How do I count the letters in Llanfairpwllgwyngyllgogerychwyrndrobwllllantysiliogogogoch?

Like many problems to do with strings, this can be done in a simple way with a regex.

>>> word = 'Llanfairpwllgwyn|gyllgogerychwyrndrobwllllantysiliogogogoch'
>>> import re
>>> pattern = re.compile(r'ch|dd|ff|ng|ll|ph|rh|th|[^\W\d_]', flags=re.IGNORECASE)
>>> len(pattern.findall(word))
51

The character class [^\W\d_] (from here) matches word-characters that are not digits or underscores, i.e. letters, including those with diacritics.


You can get the length by replacing all the double letters with a . (or any other character, ? would do just fine), and measuring the length of the resulting string (subtracting the amount of |):

def get_length(name):
    name = name.lower()
    doubles = ['ch', 'dd', 'ff', 'ng', 'll', 'ph', 'rh', 'th']
    for double in doubles:
        name = name.replace(double, '.')
    return len(name) - name.count('|')

name = 'Llanfairpwllgwyn|gyllgogerychwyrndrobwllllantysiliogogogoch'
print(get_length(name))
>>> 51

  1. Step through the string letter by letter
  2. If you are at index n and and s[n:n+2] is a digraph, add or increment a dictionary with the digraph as the key, and increment the index by 1 as well so you don't start on the second digraph character.
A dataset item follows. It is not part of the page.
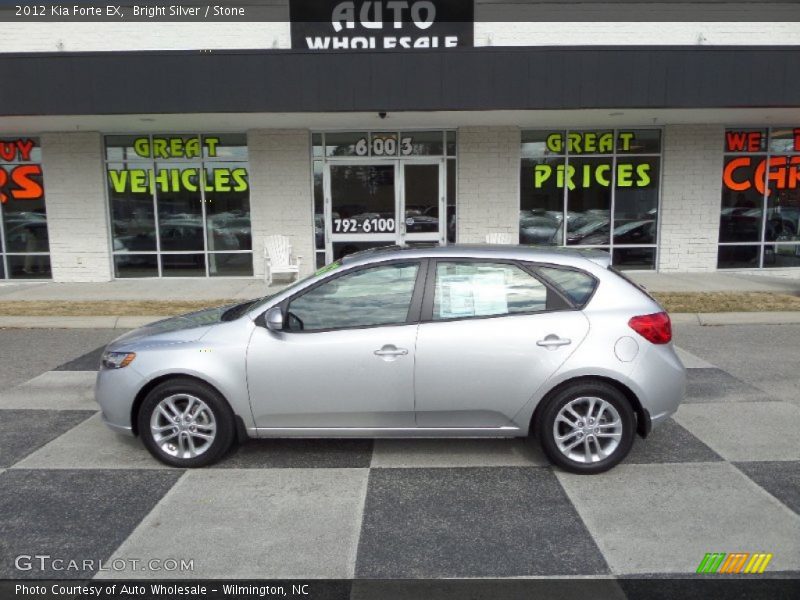 Bright Silver / Stone 2012 Kia Forte EX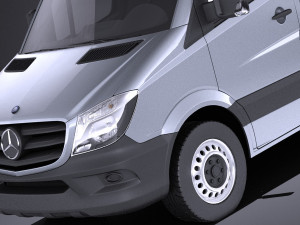 Mercedes-Benz Sprinter Passenger Van 2017 vray 3D Model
If it's not a digraph, just add or increment the letter to the dict and go to the next letter.
  3. If you see the | character, don't count it, just skip.
  4. And don't forget to lowercase.

When you've seen all the letters, the loop ends and you add all the counts in the dict.

Here's my code, it works on your three examples:

from collections import defaultdict

digraphs=['ch','dd','ff','ng','ll','ph','rh','th']
breakchars=['|']


def welshcount(word):
    word = word.lower()
    index = 0
    counts = defaultdict(int)  # keys start at 0 if not already present
    while index < len(word):
        if word[index:index+2] in digraphs:
            counts[word[index:index+2]] += 1
            index += 1
        elif word[index] in breakchars:
            pass  # in case you want to do something here later
        else:  # plain old letter
            counts[word[index]] += 1

        index += 1

    return sum(counts.values())

word1='llong'
#ANSWER NEEDS TO BE 3 (ll o ng)

word2='llon|gyfarch'
#ANSWER NEEDS TO BE 9 (ll o n g y f a r ch)

word3='Llanfairpwllgwyn|gyllgogerychwyrndrobwllllantysiliogogogoch'
#ANSWER NEEDS TO BE 51 (Ll a n f a i r p w ll g w y n g y ll g o g e r y ch w y r n d r o b w ll ll a n t y s i l i o g o g o g o ch)

print(welshcount(word1))
print(welshcount(word2))
print(welshcount(word3))

You could use a Combining Grapheme Joiner (+u034F) character to join the letters and then take your character count and take away the number of these joiners * 2.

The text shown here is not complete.